*** INPUT DATA Section Begins ***

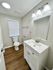 Modern bathroom featuring elegant lighting, sleek vanity with ample storage, and classic hardwood flooring for a cozy touch.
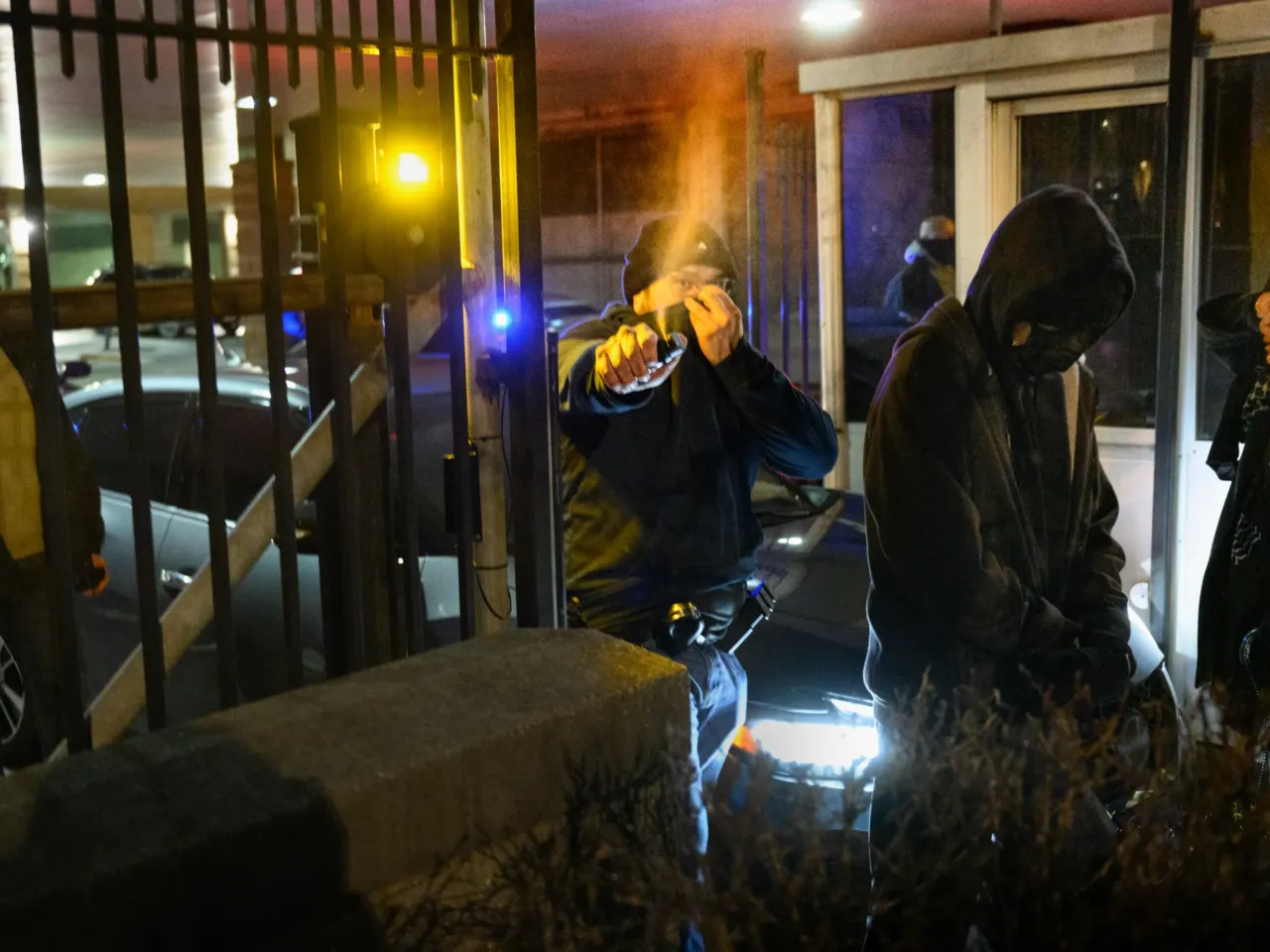 A masked agent sprays chemical irritant from inside the parking garage at the Abraham A. Ribicoff Federal Building and U.S. Courthouse in Harford, Conn. as protesters block cars attempting to exit on Jan. 8.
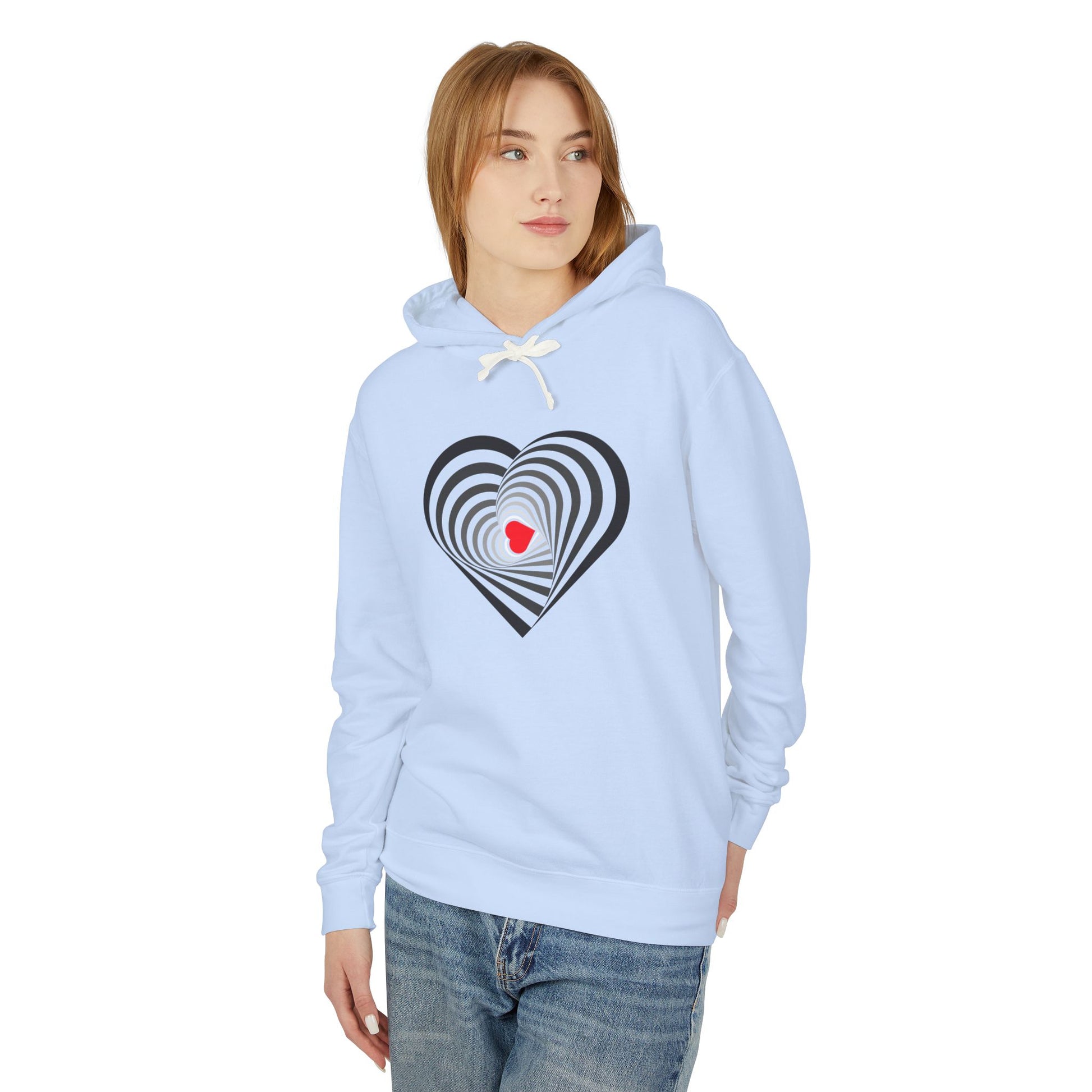 Light blue hoodie with a heart design worn by a person on a white background
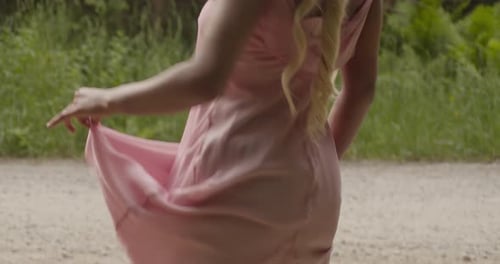 Black Girl With Blonde Hair, Wearing A Pink Gown, Stands By A Gravel Road In Forest. Close Up Shot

*** INPUT DATA Section Ends ***

# WHAT THIS TASK INVOLVES:
Reproduce the listing in full and exactly, excluding any pictures it holds.

# SOLUTION TO THE EXERCISE:
 Modern bathroom featuring elegant lighting, sleek vanity with ample storage, and classic hardwood flooring for a cozy touch.
 A masked agent sprays chemical irritant from inside the parking garage at the Abraham A. Ribicoff Federal Building and U.S. Courthouse in Harford, Conn. as protesters block cars attempting to exit on Jan. 8.
 Light blue hoodie with a heart design worn by a person on a white background
 Black Girl With Blonde Hair, Wearing A Pink Gown, Stands By A Gravel Road In Forest. Close Up Shot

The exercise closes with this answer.